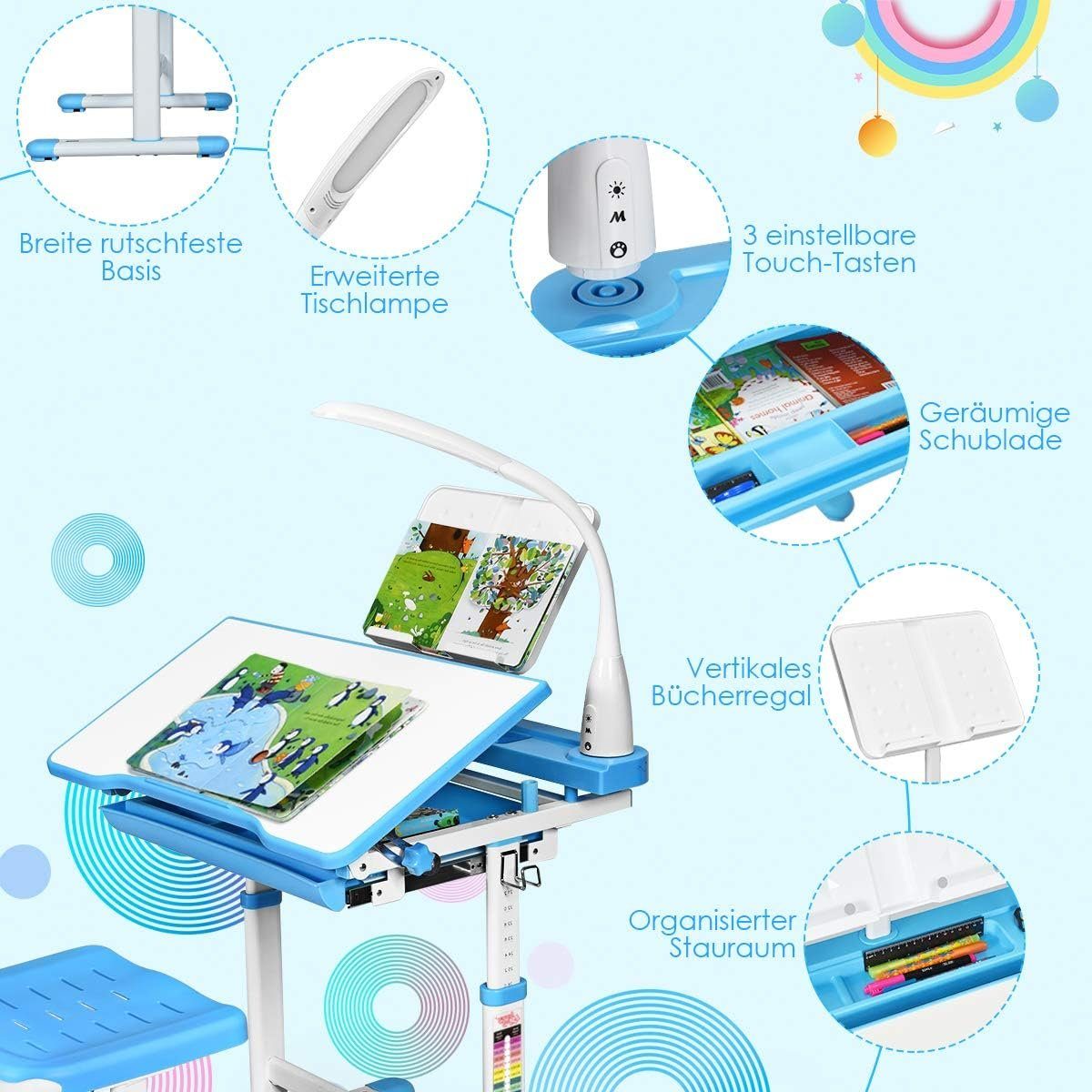 KOMFOTTEU Kinderschreibtisch höhenverstellbar (Set), mit Stuhl & Lampe günstig online kaufen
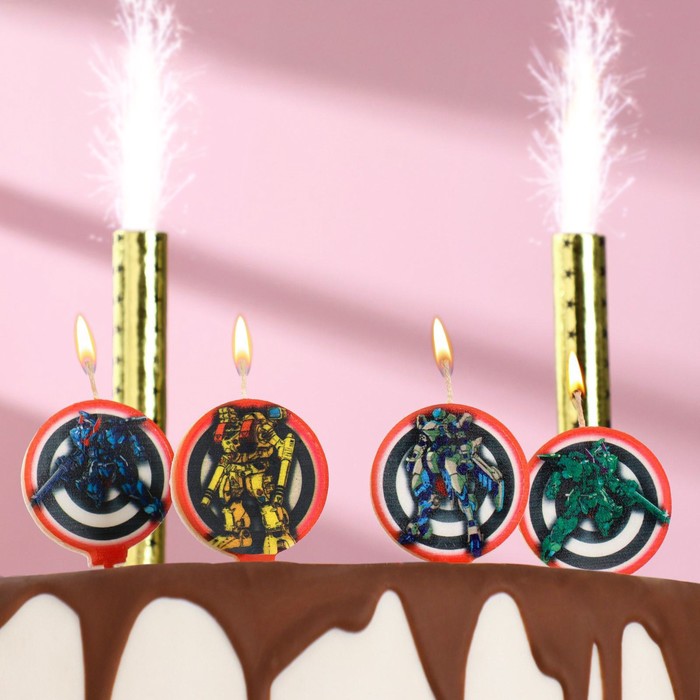 Набор свечей в торт "Рейнджеры", 4 шт + 2 фонтана
Набор свечей в торт "Рейнджеры", 4 шт + 2 фонтана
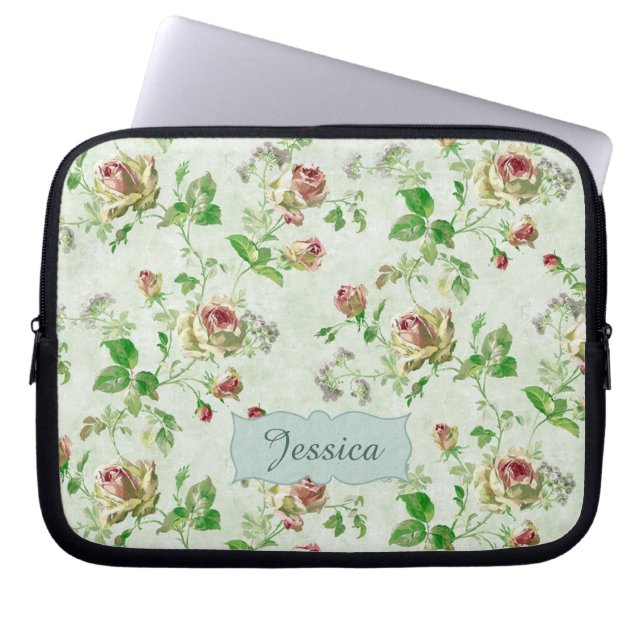 bloemmotief Rozen gepersonaliseerd Laptop Sleeve (Voorkant)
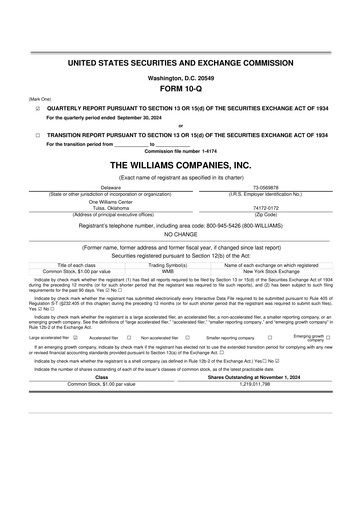 Thumbnail Williams Companies
 10-Q Quarterly Report FY2024 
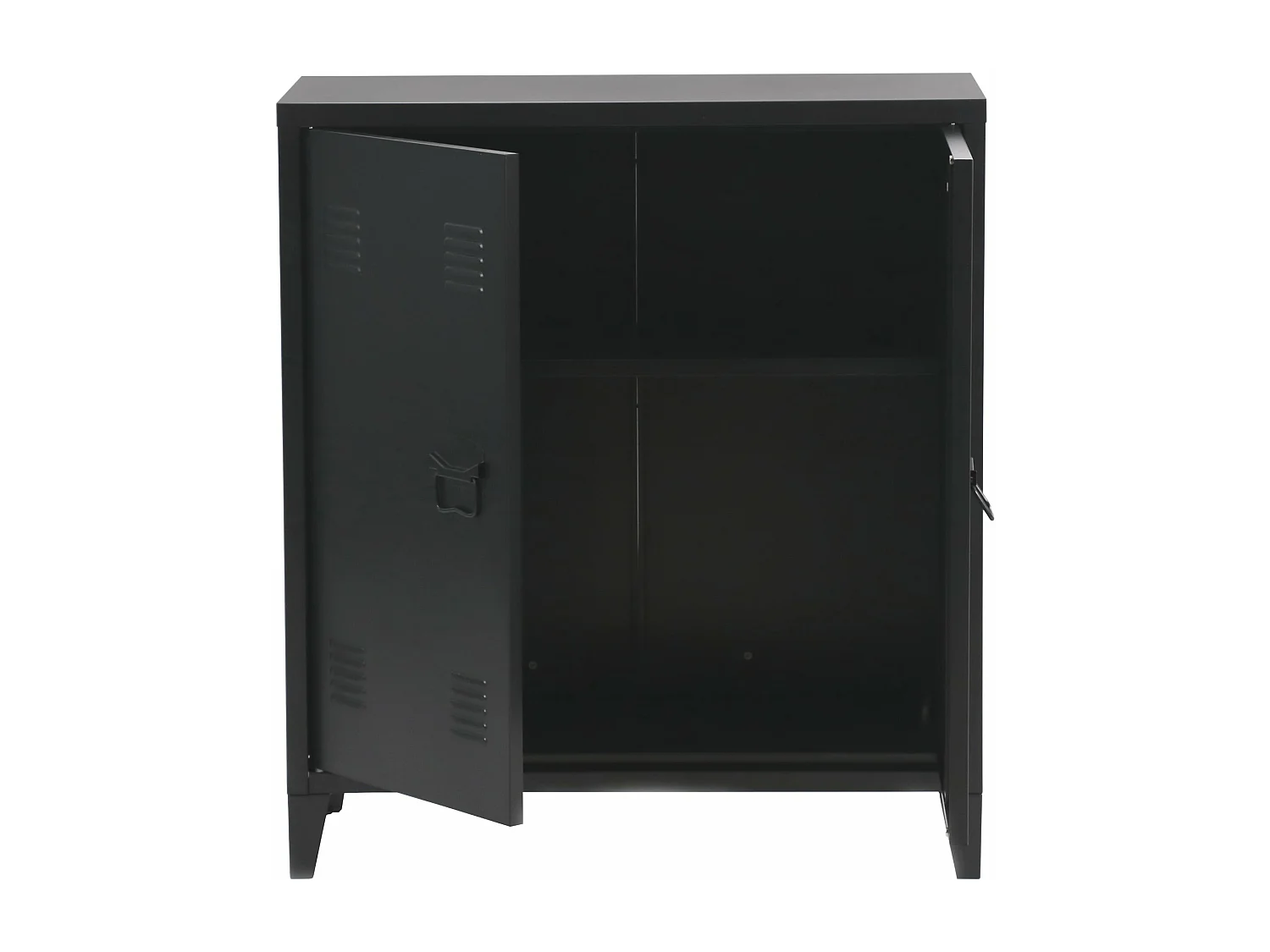 Armário de escritório armário de armazenamento para escritório oficina quarto metal escritório aço com 2 portas 90 x 80 x 33 cm preto fosco 03_0006341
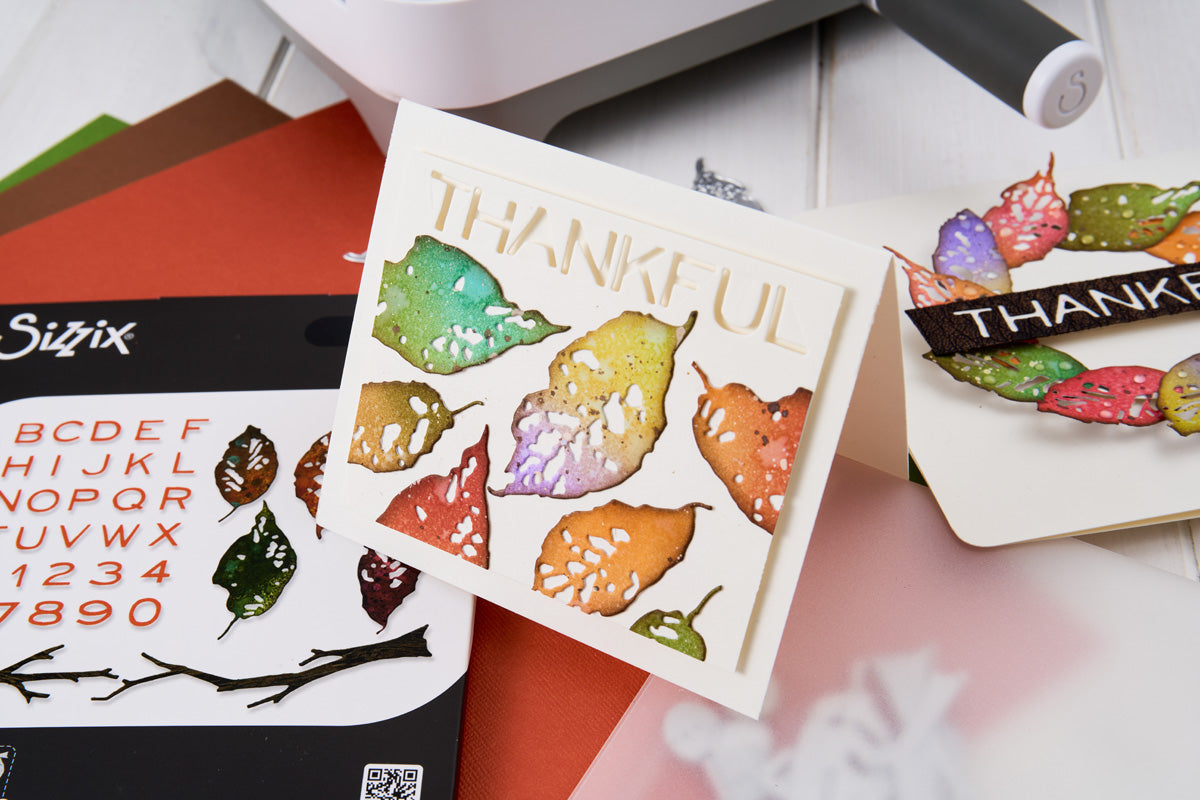 sizzix-thinlits-vault-leaves-sticks-stanzschablonen-43tlg image 2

---

The response should repeat every entry above exactly and include none of the pictures.

 KOMFOTTEU Kinderschreibtisch höhenverstellbar (Set), mit Stuhl & Lampe günstig online kaufen
 Набор свечей в торт "Рейнджеры", 4 шт + 2 фонтана
Набор свечей в торт "Рейнджеры", 4 шт + 2 фонтана
 bloemmotief Rozen gepersonaliseerd Laptop Sleeve (Voorkant)
 Thumbnail Williams Companies
 10-Q Quarterly Report FY2024 
 Armário de escritório armário de armazenamento para escritório oficina quarto metal escritório aço com 2 portas 90 x 80 x 33 cm preto fosco 03_0006341
 sizzix-thinlits-vault-leaves-sticks-stanzschablonen-43tlg image 2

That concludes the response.